Isu mahadahsyat itu diduga diubah dengan sengaja dan terstruktur serta sistematis berdasarkan instruksi KPU pusat ke KPU kabupaten/kota. Jika demikian, apa yang bisa diharapkan dari penyelenggara pemilu yang sejak awal diduga sudah menginjak-injak pemilu dan melecehkan prinsip integritas penyelenggaraan Pemilu?
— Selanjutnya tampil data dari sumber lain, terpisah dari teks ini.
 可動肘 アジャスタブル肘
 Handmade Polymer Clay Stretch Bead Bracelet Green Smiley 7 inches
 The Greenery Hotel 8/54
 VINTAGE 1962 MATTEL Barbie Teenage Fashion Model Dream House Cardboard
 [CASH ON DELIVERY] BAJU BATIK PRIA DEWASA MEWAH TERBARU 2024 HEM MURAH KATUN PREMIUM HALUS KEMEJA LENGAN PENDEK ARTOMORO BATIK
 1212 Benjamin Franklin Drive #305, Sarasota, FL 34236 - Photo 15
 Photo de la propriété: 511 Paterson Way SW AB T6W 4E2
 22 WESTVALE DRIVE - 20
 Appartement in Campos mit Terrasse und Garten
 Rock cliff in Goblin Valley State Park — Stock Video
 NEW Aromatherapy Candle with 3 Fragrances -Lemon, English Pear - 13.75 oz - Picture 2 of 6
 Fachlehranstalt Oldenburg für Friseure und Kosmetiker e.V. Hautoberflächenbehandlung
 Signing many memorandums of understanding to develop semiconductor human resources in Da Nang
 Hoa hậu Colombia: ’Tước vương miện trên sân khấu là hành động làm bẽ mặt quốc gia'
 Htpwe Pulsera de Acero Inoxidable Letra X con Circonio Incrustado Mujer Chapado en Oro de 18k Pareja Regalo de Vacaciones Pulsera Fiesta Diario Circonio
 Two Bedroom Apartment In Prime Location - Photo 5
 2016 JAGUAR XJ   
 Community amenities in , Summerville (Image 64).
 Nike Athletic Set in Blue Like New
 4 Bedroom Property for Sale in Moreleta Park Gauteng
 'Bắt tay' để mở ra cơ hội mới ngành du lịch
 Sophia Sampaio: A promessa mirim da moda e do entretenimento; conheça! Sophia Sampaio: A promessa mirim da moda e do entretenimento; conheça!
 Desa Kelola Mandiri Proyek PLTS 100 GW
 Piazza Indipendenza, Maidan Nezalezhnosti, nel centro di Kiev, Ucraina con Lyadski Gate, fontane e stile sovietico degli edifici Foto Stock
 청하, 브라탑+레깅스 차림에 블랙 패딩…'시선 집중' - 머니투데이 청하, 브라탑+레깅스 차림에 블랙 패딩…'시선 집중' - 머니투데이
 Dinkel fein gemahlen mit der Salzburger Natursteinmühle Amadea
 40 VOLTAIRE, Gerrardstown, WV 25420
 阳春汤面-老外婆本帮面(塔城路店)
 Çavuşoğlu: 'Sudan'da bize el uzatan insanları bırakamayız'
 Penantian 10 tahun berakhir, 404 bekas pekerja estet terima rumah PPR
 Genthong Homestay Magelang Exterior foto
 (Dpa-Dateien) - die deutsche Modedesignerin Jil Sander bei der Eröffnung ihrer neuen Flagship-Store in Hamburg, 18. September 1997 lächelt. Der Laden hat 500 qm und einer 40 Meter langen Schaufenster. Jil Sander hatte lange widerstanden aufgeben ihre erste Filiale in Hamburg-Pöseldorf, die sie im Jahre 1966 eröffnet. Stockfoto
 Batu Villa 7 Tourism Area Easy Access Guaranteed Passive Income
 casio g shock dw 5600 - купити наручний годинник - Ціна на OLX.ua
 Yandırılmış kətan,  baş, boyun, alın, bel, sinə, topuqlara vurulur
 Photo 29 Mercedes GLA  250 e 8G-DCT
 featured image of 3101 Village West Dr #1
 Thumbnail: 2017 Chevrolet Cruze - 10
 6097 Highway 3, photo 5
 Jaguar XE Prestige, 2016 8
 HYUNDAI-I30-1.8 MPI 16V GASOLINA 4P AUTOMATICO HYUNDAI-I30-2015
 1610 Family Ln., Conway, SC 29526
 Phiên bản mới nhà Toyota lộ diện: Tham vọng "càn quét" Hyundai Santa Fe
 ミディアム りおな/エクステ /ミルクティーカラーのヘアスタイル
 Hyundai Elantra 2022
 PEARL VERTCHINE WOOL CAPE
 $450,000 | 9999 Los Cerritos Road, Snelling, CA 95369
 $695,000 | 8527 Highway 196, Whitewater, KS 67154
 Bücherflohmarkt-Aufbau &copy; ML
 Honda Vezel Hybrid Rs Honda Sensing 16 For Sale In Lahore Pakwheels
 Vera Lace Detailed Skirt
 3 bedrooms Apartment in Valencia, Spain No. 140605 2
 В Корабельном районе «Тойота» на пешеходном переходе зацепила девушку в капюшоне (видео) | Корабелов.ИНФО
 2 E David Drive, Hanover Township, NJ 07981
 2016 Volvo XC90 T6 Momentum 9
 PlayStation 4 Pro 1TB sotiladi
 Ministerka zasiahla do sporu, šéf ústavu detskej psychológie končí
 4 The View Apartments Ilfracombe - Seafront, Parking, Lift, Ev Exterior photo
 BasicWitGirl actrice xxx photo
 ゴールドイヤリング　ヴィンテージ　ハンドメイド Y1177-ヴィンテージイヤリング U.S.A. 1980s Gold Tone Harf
Pada dasarnya, upaya untuk membawa persoalan ini ke titik yang lebih fair dan jelas dengan membawa ini ke ranah hukum (baik hukum Pemilu dan Pidana) adalah upaya untuk menjaga pemilu tetap pada jalurnya yang bersih, jujur, dan adil. Upaya untuk membawa ini ke ranah yang lebih terang adalah upaya untuk mengawal pemilu tetap berjalan dengan baik, bukan justru sebaliknya menghambat atau bahkan mengganggu jalannya proses pemilu. Sebaliknya, apa yang dilakukan ini adalah upaya agar pemilu tetap dapat berjalan pada jalurnya dan tidak bergerak ke mana-mana yang justru nanti akan mendelegitimasi hasil dari pemilu itu sendiri karena prosesnya yang tidak bersih.
Oleh sebab itu, sudah menjadi kewajiban kita sesungguhnya untuk mengawal pemilu ini tetap pada jalurnya dan sampai pada puncaknya di tahapan pungut hitung. Salah satu upaya itu adalah dengan menjernihkan kasus dugaan manipulasi data ini dari sekadar isu liar yang bermuara di persoalan eksistensi semata, tetapi lebih kongkrit dari itu adalah upaya untuk menguji semua klaim tersebut. Benarkah ada pelanggaran, siapa yang melakukannya, dan bagaimana sanksinya?